=== ENTRIES PROVIDED ===
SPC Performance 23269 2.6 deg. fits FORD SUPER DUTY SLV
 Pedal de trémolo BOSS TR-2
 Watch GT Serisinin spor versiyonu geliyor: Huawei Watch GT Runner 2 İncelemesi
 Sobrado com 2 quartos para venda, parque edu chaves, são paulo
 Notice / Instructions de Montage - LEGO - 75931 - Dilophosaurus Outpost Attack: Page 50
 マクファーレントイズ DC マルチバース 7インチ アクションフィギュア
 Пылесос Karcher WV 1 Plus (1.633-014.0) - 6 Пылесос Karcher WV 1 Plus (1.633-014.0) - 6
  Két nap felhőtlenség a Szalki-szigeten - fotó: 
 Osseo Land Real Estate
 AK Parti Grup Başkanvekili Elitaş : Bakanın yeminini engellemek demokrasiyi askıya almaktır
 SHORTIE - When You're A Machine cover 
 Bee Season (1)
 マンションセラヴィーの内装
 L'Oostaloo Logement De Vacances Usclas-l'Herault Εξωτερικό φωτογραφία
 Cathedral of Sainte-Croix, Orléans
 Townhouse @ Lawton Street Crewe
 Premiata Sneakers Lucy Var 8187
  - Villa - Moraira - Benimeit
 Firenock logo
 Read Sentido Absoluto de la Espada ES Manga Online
===
Lines from the top of the data above through the line containing "マンションセラヴィーの内装" must be repeated exactly. All other lines stay out.

SPC Performance 23269 2.6 deg. fits FORD SUPER DUTY SLV
 Pedal de trémolo BOSS TR-2
 Watch GT Serisinin spor versiyonu geliyor: Huawei Watch GT Runner 2 İncelemesi
 Sobrado com 2 quartos para venda, parque edu chaves, são paulo
 Notice / Instructions de Montage - LEGO - 75931 - Dilophosaurus Outpost Attack: Page 50
 マクファーレントイズ DC マルチバース 7インチ アクションフィギュア
 Пылесос Karcher WV 1 Plus (1.633-014.0) - 6 Пылесос Karcher WV 1 Plus (1.633-014.0) - 6
  Két nap felhőtlenség a Szalki-szigeten - fotó: 
 Osseo Land Real Estate
 AK Parti Grup Başkanvekili Elitaş : Bakanın yeminini engellemek demokrasiyi askıya almaktır
 SHORTIE - When You're A Machine cover 
 Bee Season (1)
 マンションセラヴィーの内装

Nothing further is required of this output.